How to compare different columns from two Dataframes in Python

Solution 1:

You could extract the information into native python data structures and then merge it back with your original DataFrames -

To do this - I would first make pairs out of the Sender and Receiver columns in df2 -

def make_pairs(row):
    senders = row['Sender'].replace("[", "").replace("]", "").split(",")
    receivers = row['Receiver'].replace("[", "").replace("]", "").split(",")
    pairs = [(s, r) for s in senders for r in receivers]
    return pairs
send_receive_combinations = df2.apply(make_pairs, axis=1).to_dict()
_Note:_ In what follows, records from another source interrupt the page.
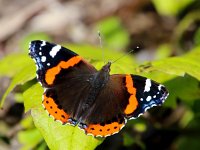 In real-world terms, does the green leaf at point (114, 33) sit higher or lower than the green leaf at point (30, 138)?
lower

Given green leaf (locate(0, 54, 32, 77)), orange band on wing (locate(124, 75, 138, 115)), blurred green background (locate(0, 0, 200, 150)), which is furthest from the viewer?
green leaf (locate(0, 54, 32, 77))

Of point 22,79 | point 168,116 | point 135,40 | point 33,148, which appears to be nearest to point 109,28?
point 135,40

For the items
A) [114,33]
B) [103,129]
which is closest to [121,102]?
[103,129]

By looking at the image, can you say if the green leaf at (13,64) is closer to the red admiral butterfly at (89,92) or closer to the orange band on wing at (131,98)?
the red admiral butterfly at (89,92)

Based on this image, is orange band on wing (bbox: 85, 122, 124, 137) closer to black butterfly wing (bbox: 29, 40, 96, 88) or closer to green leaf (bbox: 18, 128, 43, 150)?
black butterfly wing (bbox: 29, 40, 96, 88)

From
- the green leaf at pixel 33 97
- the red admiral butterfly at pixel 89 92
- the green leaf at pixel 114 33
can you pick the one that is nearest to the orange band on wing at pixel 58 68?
the red admiral butterfly at pixel 89 92

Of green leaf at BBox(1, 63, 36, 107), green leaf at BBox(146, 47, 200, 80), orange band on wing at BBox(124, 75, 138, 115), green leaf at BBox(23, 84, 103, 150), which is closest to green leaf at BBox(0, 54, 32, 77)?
green leaf at BBox(1, 63, 36, 107)

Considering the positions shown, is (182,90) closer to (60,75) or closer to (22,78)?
(60,75)

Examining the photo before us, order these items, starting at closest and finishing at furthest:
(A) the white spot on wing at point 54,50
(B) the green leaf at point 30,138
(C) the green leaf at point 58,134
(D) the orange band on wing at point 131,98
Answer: (C) the green leaf at point 58,134 < (D) the orange band on wing at point 131,98 < (A) the white spot on wing at point 54,50 < (B) the green leaf at point 30,138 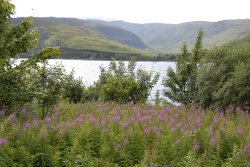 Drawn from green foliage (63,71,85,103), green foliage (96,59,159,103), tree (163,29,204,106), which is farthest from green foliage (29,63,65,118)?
tree (163,29,204,106)

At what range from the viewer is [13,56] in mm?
13570

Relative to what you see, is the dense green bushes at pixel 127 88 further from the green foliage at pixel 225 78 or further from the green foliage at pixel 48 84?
the green foliage at pixel 48 84

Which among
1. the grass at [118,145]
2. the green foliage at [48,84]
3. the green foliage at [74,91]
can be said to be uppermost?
the green foliage at [48,84]

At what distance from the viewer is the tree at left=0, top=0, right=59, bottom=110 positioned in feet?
41.6

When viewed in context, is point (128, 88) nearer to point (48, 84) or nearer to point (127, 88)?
point (127, 88)

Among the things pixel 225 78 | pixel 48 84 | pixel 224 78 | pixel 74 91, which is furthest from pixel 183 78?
pixel 48 84

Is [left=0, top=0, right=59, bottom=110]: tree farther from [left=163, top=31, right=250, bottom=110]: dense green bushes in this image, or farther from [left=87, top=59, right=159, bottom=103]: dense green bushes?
[left=163, top=31, right=250, bottom=110]: dense green bushes

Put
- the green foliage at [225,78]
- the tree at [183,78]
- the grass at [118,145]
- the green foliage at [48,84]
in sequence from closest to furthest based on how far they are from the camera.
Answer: the grass at [118,145], the green foliage at [48,84], the green foliage at [225,78], the tree at [183,78]

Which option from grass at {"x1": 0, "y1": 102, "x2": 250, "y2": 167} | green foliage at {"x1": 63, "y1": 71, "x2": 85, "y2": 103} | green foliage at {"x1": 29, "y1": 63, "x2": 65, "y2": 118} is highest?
green foliage at {"x1": 29, "y1": 63, "x2": 65, "y2": 118}

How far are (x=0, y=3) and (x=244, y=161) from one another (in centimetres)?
983

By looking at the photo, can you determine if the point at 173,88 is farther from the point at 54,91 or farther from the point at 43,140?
the point at 43,140

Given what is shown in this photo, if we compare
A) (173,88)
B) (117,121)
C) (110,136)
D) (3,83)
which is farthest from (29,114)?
(173,88)

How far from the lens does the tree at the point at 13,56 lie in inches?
500

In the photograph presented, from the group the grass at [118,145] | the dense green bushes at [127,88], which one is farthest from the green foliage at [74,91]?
the grass at [118,145] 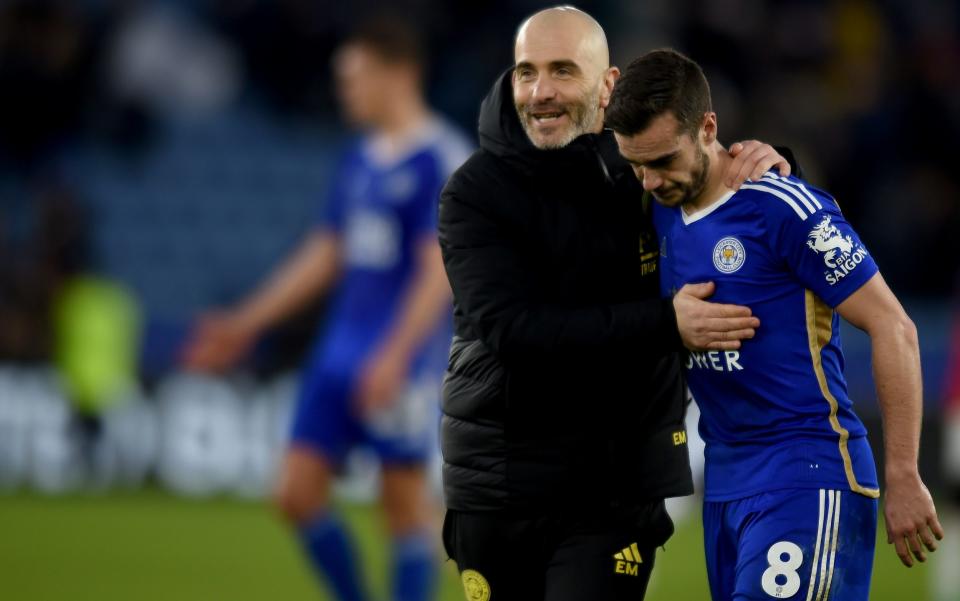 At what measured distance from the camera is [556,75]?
14.2 ft

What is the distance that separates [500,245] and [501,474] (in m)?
0.59

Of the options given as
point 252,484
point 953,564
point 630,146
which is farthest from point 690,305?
point 252,484

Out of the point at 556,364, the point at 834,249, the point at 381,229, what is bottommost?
the point at 556,364

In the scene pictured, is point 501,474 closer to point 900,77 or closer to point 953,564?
point 953,564

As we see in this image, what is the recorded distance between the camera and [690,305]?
4.11 meters

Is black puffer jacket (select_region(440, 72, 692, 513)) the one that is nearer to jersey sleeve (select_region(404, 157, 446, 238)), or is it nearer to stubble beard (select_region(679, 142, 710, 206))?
stubble beard (select_region(679, 142, 710, 206))

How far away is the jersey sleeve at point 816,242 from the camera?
4.04 metres

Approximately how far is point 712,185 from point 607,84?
424mm

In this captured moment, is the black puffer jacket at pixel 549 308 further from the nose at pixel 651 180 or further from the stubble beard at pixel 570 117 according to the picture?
the nose at pixel 651 180

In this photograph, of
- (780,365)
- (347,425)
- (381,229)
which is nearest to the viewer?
(780,365)

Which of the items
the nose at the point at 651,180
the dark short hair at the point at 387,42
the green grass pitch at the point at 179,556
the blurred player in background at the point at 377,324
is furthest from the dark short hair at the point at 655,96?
the green grass pitch at the point at 179,556

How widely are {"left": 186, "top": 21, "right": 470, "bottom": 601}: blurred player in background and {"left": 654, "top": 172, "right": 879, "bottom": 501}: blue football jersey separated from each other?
2.71 metres

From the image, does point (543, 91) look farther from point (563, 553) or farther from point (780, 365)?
point (563, 553)

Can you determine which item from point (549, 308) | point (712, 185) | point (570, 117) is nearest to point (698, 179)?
point (712, 185) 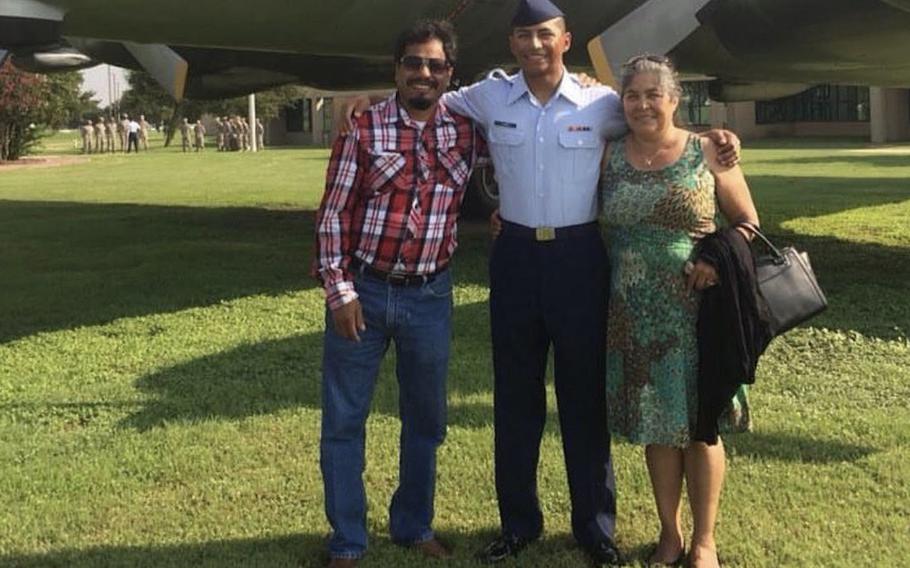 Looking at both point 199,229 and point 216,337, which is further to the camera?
point 199,229

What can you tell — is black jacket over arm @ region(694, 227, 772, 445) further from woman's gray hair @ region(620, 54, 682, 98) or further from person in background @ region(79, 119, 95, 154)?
person in background @ region(79, 119, 95, 154)

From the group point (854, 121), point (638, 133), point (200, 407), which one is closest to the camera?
point (638, 133)

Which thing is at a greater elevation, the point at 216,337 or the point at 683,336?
the point at 683,336

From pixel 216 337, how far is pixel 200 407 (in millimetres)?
1563

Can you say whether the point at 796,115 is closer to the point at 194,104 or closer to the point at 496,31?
the point at 194,104

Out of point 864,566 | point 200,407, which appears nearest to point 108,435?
point 200,407

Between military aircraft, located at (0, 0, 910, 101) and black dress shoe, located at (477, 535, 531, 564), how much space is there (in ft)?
14.5

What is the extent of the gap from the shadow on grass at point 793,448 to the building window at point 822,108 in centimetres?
4372

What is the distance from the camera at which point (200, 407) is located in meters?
5.08

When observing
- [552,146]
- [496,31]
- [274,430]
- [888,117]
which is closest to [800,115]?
[888,117]

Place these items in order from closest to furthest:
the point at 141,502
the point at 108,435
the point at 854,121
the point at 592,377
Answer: the point at 592,377 < the point at 141,502 < the point at 108,435 < the point at 854,121

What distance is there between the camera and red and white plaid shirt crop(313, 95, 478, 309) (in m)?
3.27

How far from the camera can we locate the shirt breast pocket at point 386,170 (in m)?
3.27

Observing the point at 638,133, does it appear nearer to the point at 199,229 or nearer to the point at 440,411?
the point at 440,411
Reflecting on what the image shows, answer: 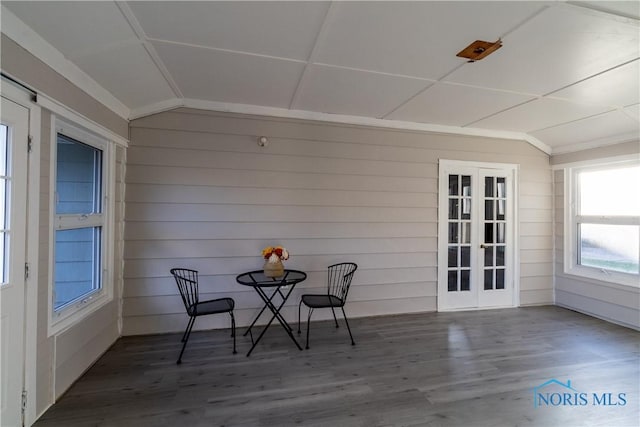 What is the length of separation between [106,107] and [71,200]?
0.94 metres

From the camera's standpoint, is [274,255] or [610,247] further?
[610,247]

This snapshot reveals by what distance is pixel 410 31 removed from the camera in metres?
1.97

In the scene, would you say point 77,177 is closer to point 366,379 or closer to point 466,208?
point 366,379

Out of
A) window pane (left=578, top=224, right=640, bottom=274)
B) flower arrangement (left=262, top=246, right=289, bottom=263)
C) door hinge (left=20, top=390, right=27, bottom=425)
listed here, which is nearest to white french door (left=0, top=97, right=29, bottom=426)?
door hinge (left=20, top=390, right=27, bottom=425)

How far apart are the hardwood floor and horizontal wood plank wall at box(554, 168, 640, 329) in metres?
0.35

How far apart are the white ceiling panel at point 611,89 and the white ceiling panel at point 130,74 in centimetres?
387

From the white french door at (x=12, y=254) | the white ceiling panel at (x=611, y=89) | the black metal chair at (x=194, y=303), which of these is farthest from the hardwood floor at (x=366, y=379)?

Then map the combination of IDA and IDB from df1 into a dictionary:

rels = {(ida, idb): rel for ida, idb, rel in df1.values}

A dict comprehension (or even a simple for loop) can then be used to subset values of interest

rel_pairs = {key: rels[pair] for key, combination in send_receive_combinations.items() for pair in combination if pair in rels}

And finally, we can merge this dict with df2 -

df2['relationship'] = df2.index
df2['relationship'] = df2['relationship'].map(rel_pairs)
    Sender     Receiver relationship
#0  [A900,A200]  [A500,A220]       Spouse
#1  [A150,A100]       [A400]          NaN
#2  [A400,A112]       [A500]          NaN
#3  [A700,A112]  [A111,A001]       Parent